Web page caption snippets:
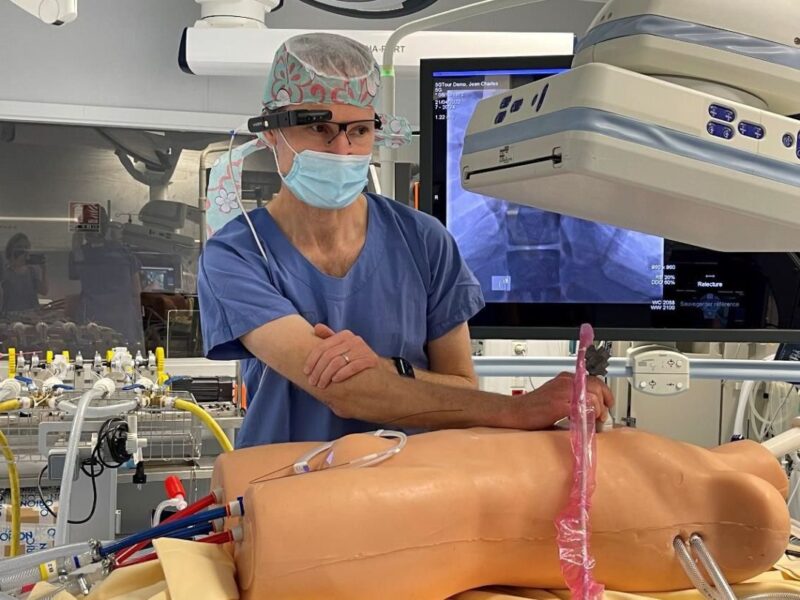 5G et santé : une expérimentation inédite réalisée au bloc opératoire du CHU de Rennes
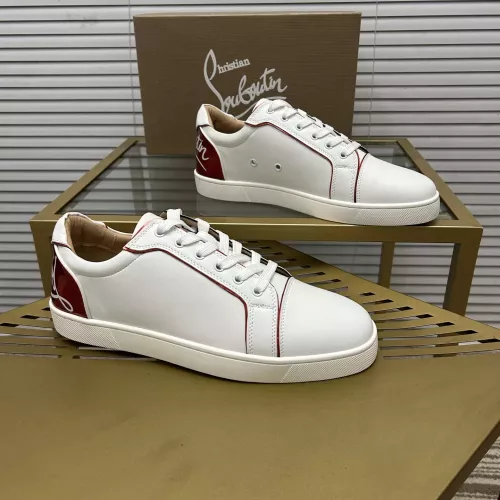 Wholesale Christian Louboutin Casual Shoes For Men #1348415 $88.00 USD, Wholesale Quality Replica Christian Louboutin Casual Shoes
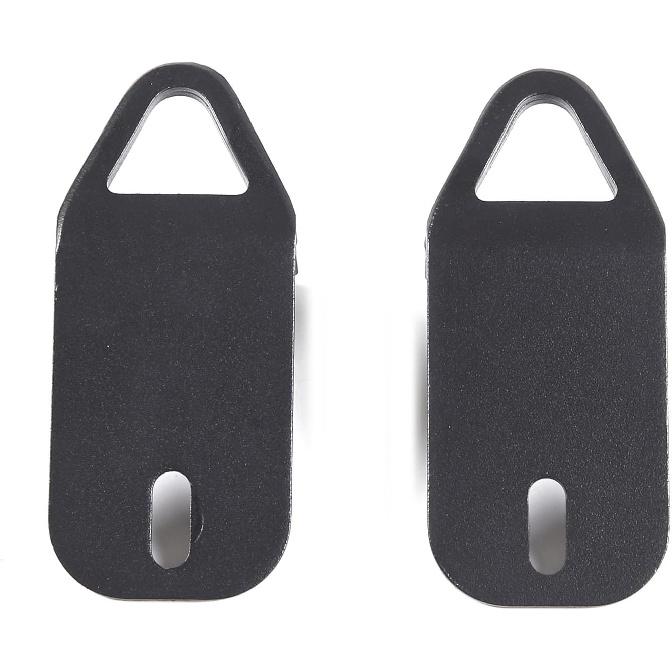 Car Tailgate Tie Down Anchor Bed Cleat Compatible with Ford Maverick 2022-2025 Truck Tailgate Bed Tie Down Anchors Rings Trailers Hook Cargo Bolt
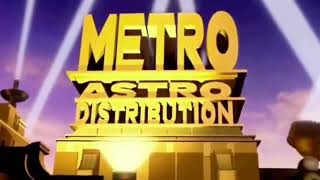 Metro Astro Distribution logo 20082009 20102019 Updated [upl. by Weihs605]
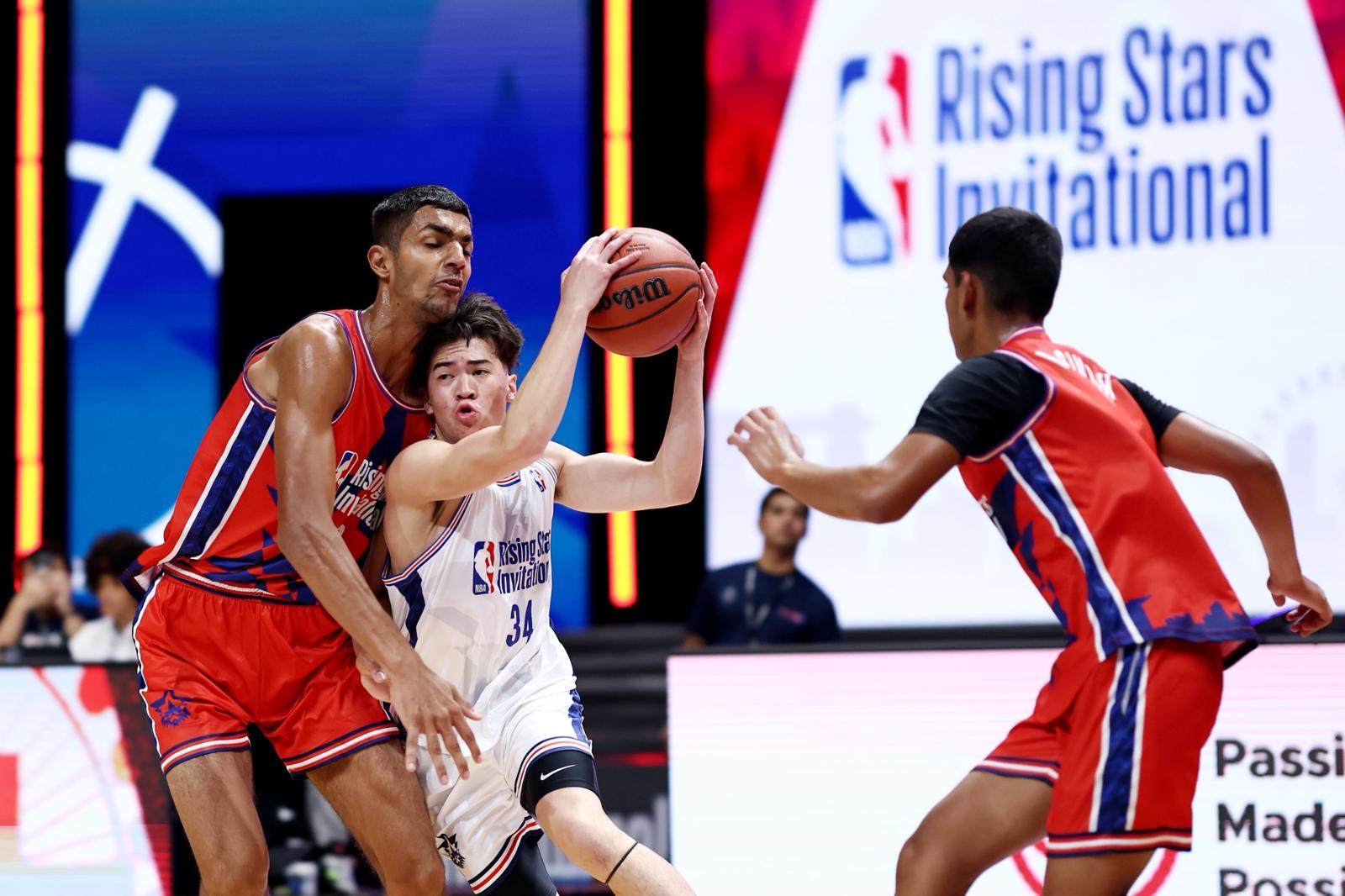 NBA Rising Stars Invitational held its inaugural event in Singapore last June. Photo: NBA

WORK REQUIRED: Output the records above exactly as they are, leaving out the pictures.

YOUR RESPONSE:
 5G et santé : une expérimentation inédite réalisée au bloc opératoire du CHU de Rennes
 Wholesale Christian Louboutin Casual Shoes For Men #1348415 $88.00 USD, Wholesale Quality Replica Christian Louboutin Casual Shoes
 Car Tailgate Tie Down Anchor Bed Cleat Compatible with Ford Maverick 2022-2025 Truck Tailgate Bed Tie Down Anchors Rings Trailers Hook Cargo Bolt
 Metro Astro Distribution logo 20082009 20102019 Updated [upl. by Weihs605]
 NBA Rising Stars Invitational held its inaugural event in Singapore last June. Photo: NBA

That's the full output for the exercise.